Feeling sad and eating

eating when sad

We all know that feeling of feeling sad, or anxious, and reaching for food. But did you know looking at other people on Facebook can make you feel sad?
“No one joins Facebook to be sad and lonely. But a new study from the University of Michigan psychologist Ethan Kross argues that that’s exactly how it makes us feel. Over two weeks, Kross and his colleagues sent text messages to eighty-two Ann Arbor residents five times per day. The researchers wanted to know a few things: how their subjects felt overall, how worried and lonely they were, how much they had used Facebook, and how often they had had direct interaction with others since the previous text message. Kross found that the more people used Facebook in the time between the two texts, the less happy they felt—and the more their overall satisfaction declined from the beginning of the study until its end. The data, he argues, shows that Facebook was making them unhappy.” Read full article here.

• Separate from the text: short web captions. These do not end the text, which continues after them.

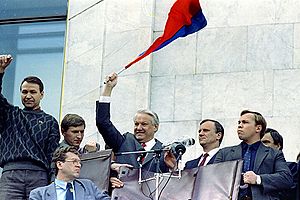 Archivo:Boris Yeltsin 22 August 1991-1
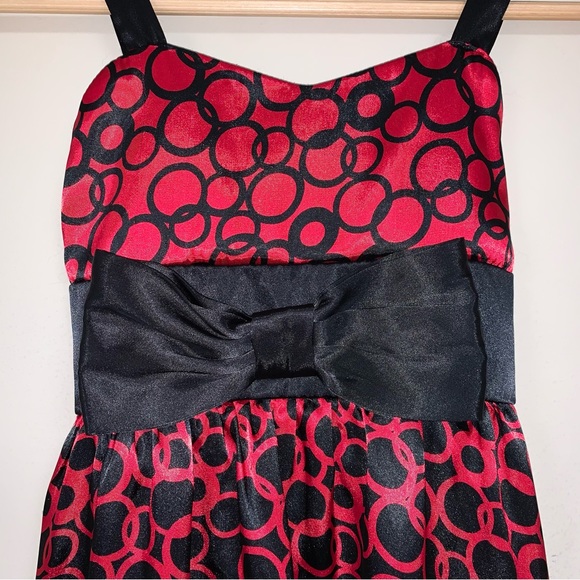 Red Black Girls’ Satin Dress Circle Pattern 6-7 Summer Sundress Bow - Picture 3 of 11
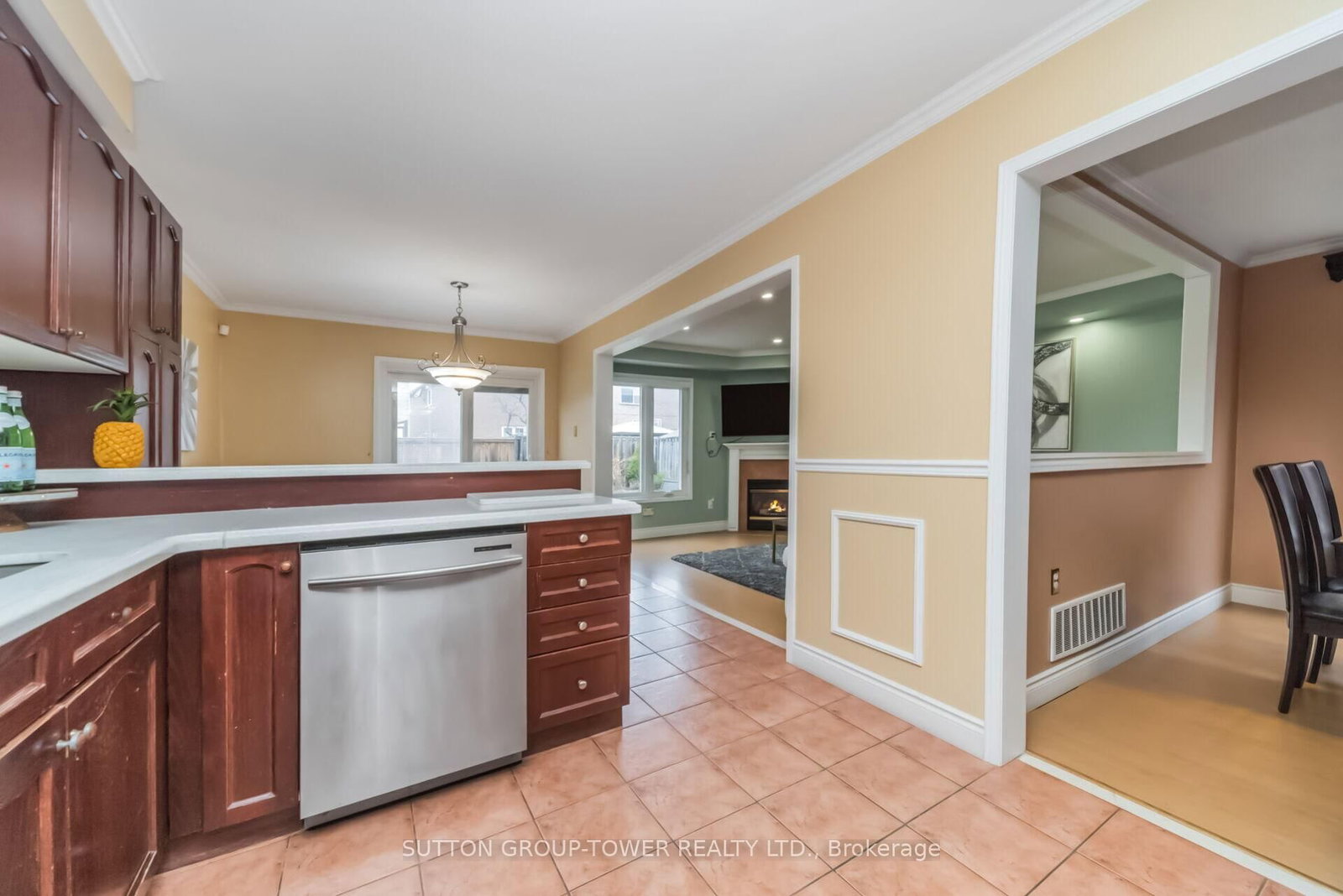 Detached House for sale at 3 Arthurs Crescent, Brampton, Ontario, L6Y 4Y5 - Fletcher's West - MLS: W13003884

Today for some reason, well to avoid other boring work I had online, I looked up an old boyfriend. This is from over 25 years ago.
I have looked for him before, but never found any thing online about him. I actually thought he might of died, sad and alone. Now why did I think that? I had good reason to think that. He was a compulsive gambler, and a bartender, who loved to party. He had 1 kids and 1 on the way, last time I talked to him, with short term girlfriends/one night stands type of things, before he was 26. But thank goodness after we had broken up. I was sure he was doomed. He did end up marrying one of the waitress from a place where we all had originally met, and she was a very nice catholic girl, so I thought that might save him.
He got married the same year I got married. I have been divorced now for 14 years and still single by choice. Usually I feel very happy with my choice, but then I found the ex. Well looks like he moved to Vegas! I am not so sure how that helped his gambling problem, but he is still married to the same lady, and they have 2 girls and what I could tell from FB the other two kids of his are girls too and they all look like one big happy family.
The kids are all adults now, like my own children, and he looks good, a little chubby but good, and his wife looks good too.
I still find it strange that I can shift through someones life on FB like this. I have nothing personal on my FB. I teach internet safety, and I if any of my old boyfriends wanted to find me , they would not be able to, because I have never used my legal name online for anything.
Anyway I felt sad and a little defeated after I saw all this and felt like he had successfully managed to stay married and even with what I knew were major problems, cheating, extra kids outside relationships, and a gambling problem, it looked like he has a successful family and life.
I guess this why FB can make people feel depressed.  Another article here about this.
“Interestingly, the so-called “Facebook effect” that Kross describes is not related to baseline mood or loneliness. “It’s not the case that people use Facebook more when they feel bad,” he says. “It is something unique about Facebook use that is making people feel worse.”
“When you’re browsing Facebook, you see people depict glowingly positive stuff.”
His wife posted a lot of AA type of saying about let go, you cannot control things and so forth, so that made me wonder how that all turned out, and his daughters had lots of photos of them drinking and captions like “What the “smith” family does best!”.
So the message is, we really don’t know what is going on with people, and Facebook makes it all look wonderful.
Do you find Facebook makes you feel sad or like a loser, or jealous or other negative feelings sometimes?
Does that trigger you to eat? How do you overcome that? Please share your coping skills or strategies for avoiding eating when upset in the comment section. Thanks!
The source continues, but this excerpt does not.